Pourtant, ce même jour, avant d’entrer en salle de cours, j’eus son épouse à 7h30 qui m’assura qu’en dépit de la douleur, il avait réclamé son agenda pour organiser ses audiences.
Pourtant quelques minutes après, l’abbé André QUENUM, dont il s’honorait de l’amitié avec pieuse dévotion et respect profond, se fut enquit de son état et, sollicité, s’apprêtait à aller à son chevet, certains de ses confrères en renfort, en vue de l’encourager dans son combat pour la vie.

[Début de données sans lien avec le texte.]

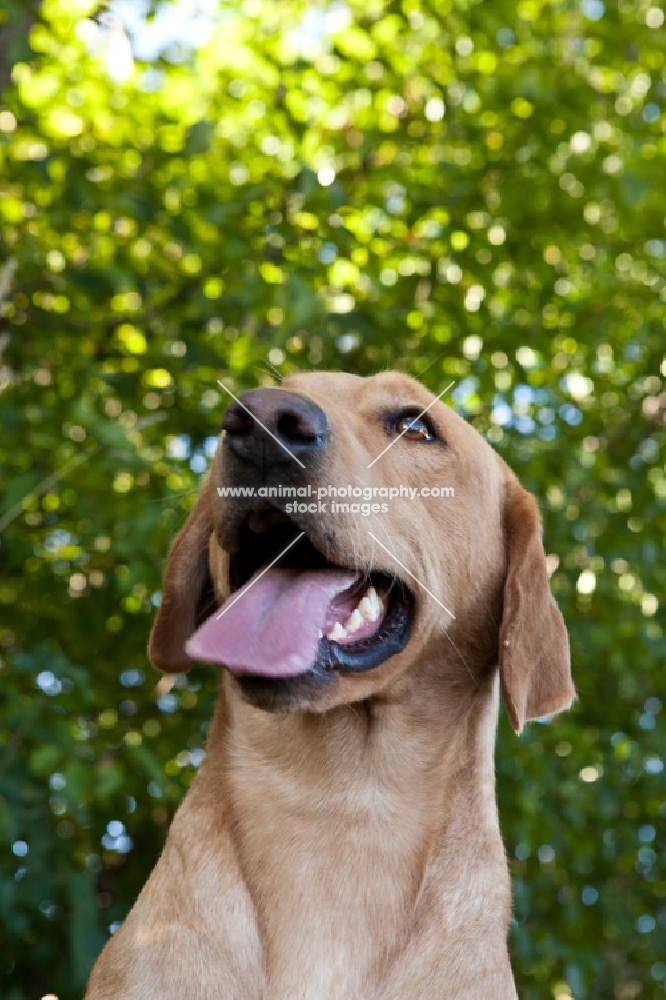 Lab looking up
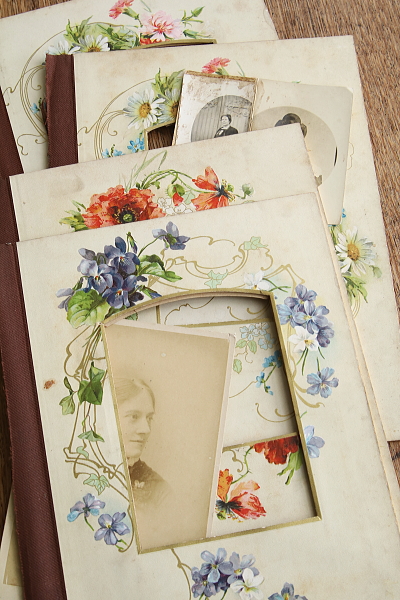 ヴィクトリアンのアルバムページ　ボタニカルアート　イギリス アンティークストリュフ 20251104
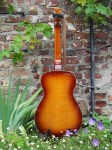 Regal_Dobro_6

Pourtant, la veille et les jours avant, il s’arcboutait à la vie, s’y accrochait, assurant revenir pour se battre contre la révision de la constitution et toutes les autres espèces d’ignominie du même acabit ; affecté par les cessions forcées annoncées d’actions et les réquisitions arbitraires prononcées ; annonçant vouloir aller récupérer les chemises rouges dont il fut privé, le 1er Août, au domicile de Gaston ZOSSOU barricadé et séquestré, ainsi que ses plaquettes « Trop, c’est trop », m’informant par la même occasion que la procédure fut classée sans suite et qu’ayant déjà tenté de les récupérer, on lui annonçait que le greffier était en vacances. Et puis quoi encore ? Et puis il n’y aura plus de jours après…, et le verbe, en ce qui le concerne, se conjuguera désormais au passé, ce funeste passé simple !

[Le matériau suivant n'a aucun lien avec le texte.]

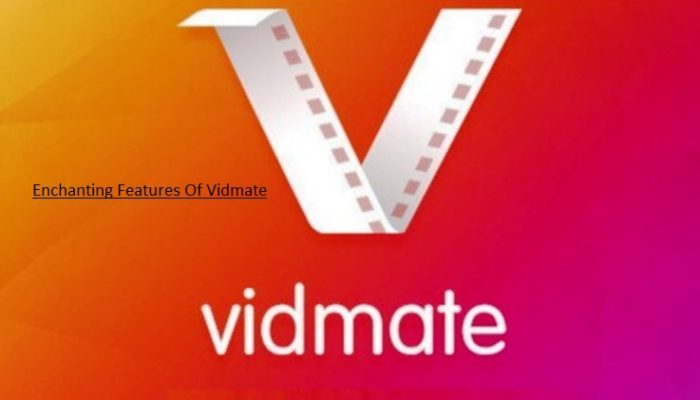 Vidamate app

2. « Jo, la situation est sous contrôle ». Zak me rassura de la qualité de son état de santé, ce 3 octobre 2013, quand je réussis à le joindre depuis Paris, par le Ministre BABABODY, celui que lui-même identifiait comme étant son tuteur et ami. Or, la veille, la crise qui le diminuait considérablement fut déclenchée déjà, et le conduisit à quitter définitivement son domicile, pour vivre désormais dans les cliniques. Certes, sa voix gaie, chaleureuse, rassurait et apaisait. Mais l’on sentait bien que la bataille contre la mort avait commencé, et que cette gaieté et cette drôlerie caractérielles chez cet homme affable n’étaient qu’une esquive en forme de drible (Zakari était également footballeur) que la vie sait bien opposer à la mort.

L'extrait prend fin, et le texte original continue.